Simple ML pipeline platform

Project description

IrisML

Proof of Concept for a simple framework to create a ML pipeline.

Features

  • Run a ML training/inference with a simple JSON configuration.
  • Modularized interfaces for task components.
  • Cache task outputs for faster experiments.

Getting started

Installation

Prerequisite: python 3.8+

# Install the core framework and standard tasks.
pip install irisml irisml-tasks irisml-tasks-training

Run an example job

# Install additional packages that are required for the example
pip install irisml-tasks-torchvision

# Run on local machine
irisml_run docs/examples/mobilenetv2_mnist_training.json

Available commands

# Run the specified pipeline.

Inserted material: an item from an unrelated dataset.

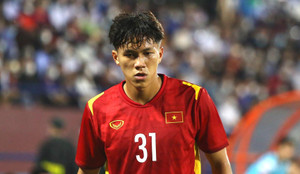 Hé lộ 3 cầu thủ bị HLV Kim Sang-sik gạch tên trước trận tuyển Việt Nam gặp Lào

You can provide environment variables by "-e" option, which will be acceible through $env variable in the json config.
irisml_run <pipeline_json_path> [-e <ENV_NAME>=<env_value>] [--no_cache] [--no_cache_read] [-v]

# Show information about the specified task. If <task_name> is not provided, shows a list of available tasks in the current environment.
irisml_show [<task_name>]

# Manage a cache storage on Azure Blob Storage
# list - Show a list of matched blobs.
# download - Download matched blobs.
# remove - Remove matched blobs.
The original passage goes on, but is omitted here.